Architekturgeschichte 4.3

Fortsetzung Le Corbusier

Ergänzungen / Wiederholung der letzten Vorlesung:

Orientalische Eindrücke aus Süd-Ost-Europareisen zu Anfang des 20sten Jahrhunderts führen zur Lösung des Jugendstilklischees, hin zum späteren Vokabular der Moderne.

Das Motiv des doppelgeschossigen Wohnraums mit Galerie wird zu einem seiner zentralen Motive.

Citrohan-Typus entsteht analog zur Automobilmarke Citroen und soll als Schlagwort die Möglichkeit des seriellen Charakters von Häusern verdeutlichen.

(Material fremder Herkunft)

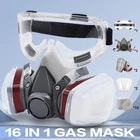 6200 Half Mask Respirator & Particulate Filter Reusable Goggles 16 in 1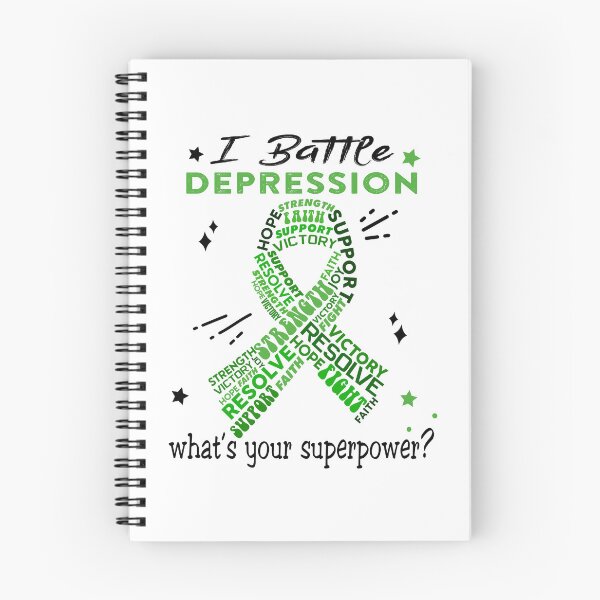 Item preview, Depression Warrior, I Battle Depression What's Your Superpower? designed and sold by Greggwillard.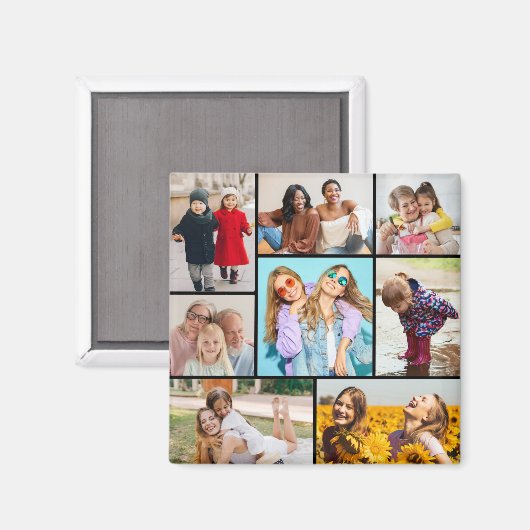 Erstellen Sie Ihre eigene 8 FotoCollage Magnet (Vorderseite/Rückseite)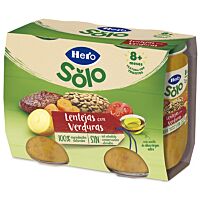 Hero Baby recetas caseras tarritos lentejas con verduritas (+ 8 meses) 2 x 190 g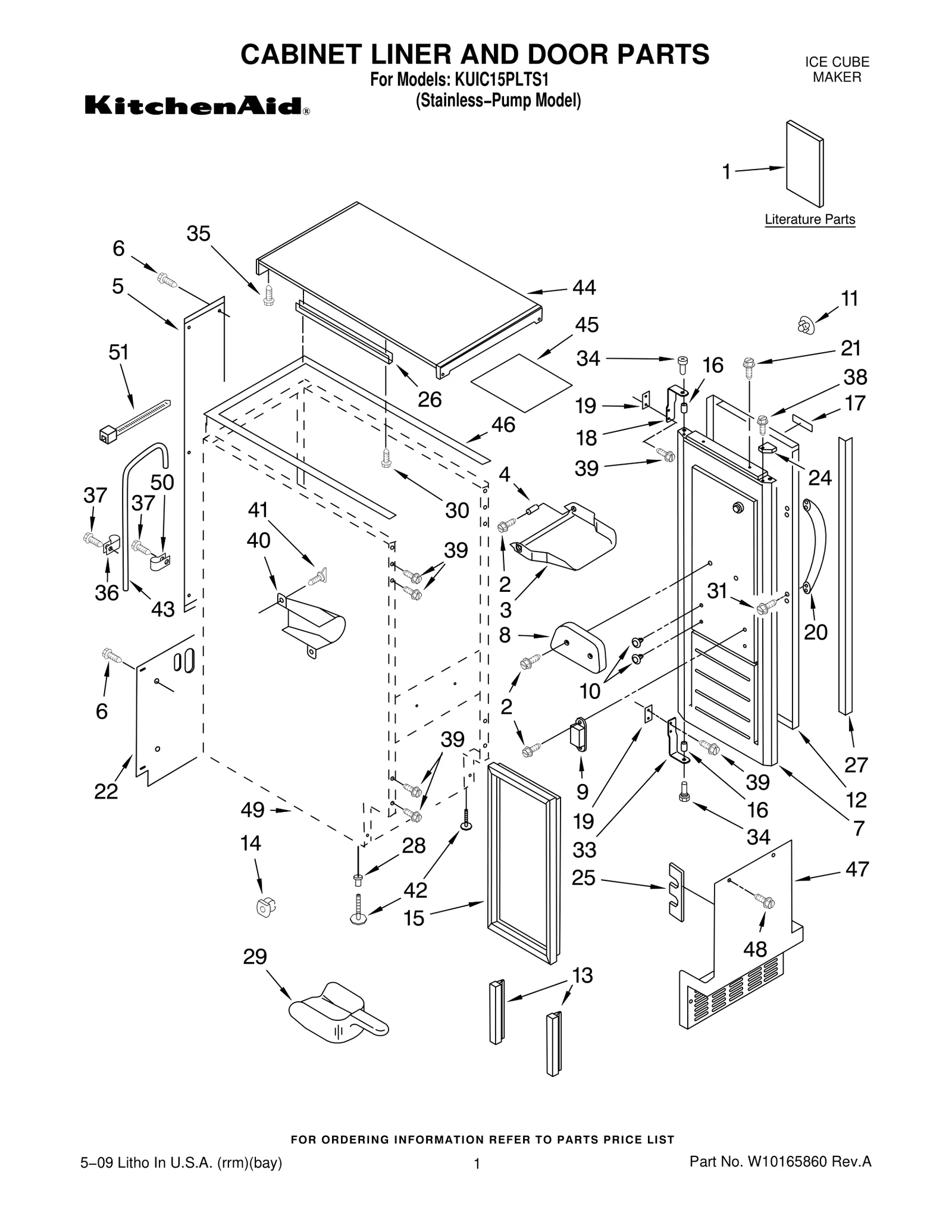 CABINET LINER AND DOOR PARTS
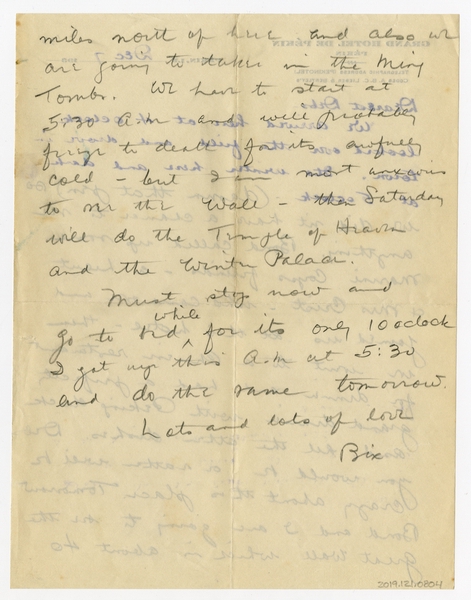 Image: correspondence: Harold M. Bixby to Debby Bixby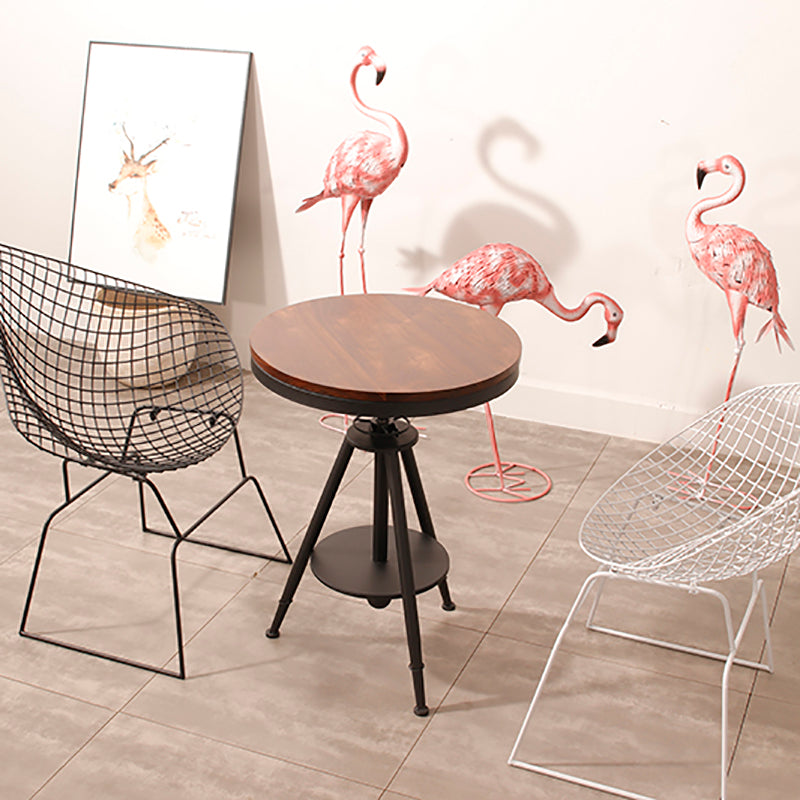 Industrial Black Metal Outdoor Bistro Chair Upholstered Outdoors Dining Chair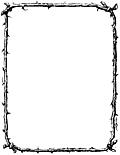 Border of twigs (US Letter Sized Version)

"Ville de 3 millions habitants" / Stadt für 3 Millionen Einwohner:
Für das pariser Flachland konzipiert, stellte dieser Entwurf für Jeanneret die Idealstadt dar. Das Gelände ist in ein orthogonales Straßensystem unterteilt , das von Diagonalen durchzogen wird, die sich im Zentrum treffen (Bezug auf klassische römische Stadtstrukturen). Die zum Kern aufsteigende Bebauung äußert sich drastisch durch die kreuzgerippten Hochhäuser im Zentrum der Stadt, wo sich auch ein unterirdischer Zentralbahnhof befindet. Auf Dachflächen sind Landezonen für Flugzeuge vorgesehen. Die Stadt für 3 Millionen Einwohner soll trotz einer anzunehmenden hohen Verkehrsdichte nichtsdestotrotz der Natur ihren Freiraum lassen: Straßen und Hochhäuser werden aufgeständert, um das Grün unter ihnen durchlaufen zu lassen. Grundlegend ist das Konzept der Funktionstrennung. die Devise lautet: Zentral arbeiten, Wohnen in der Peripherie. Persönlich hegte Jeanneret eine tiefe Abneigung gegen das bestehende Paris, das er gemeinhin als dreckig und abzuschaffen verstand.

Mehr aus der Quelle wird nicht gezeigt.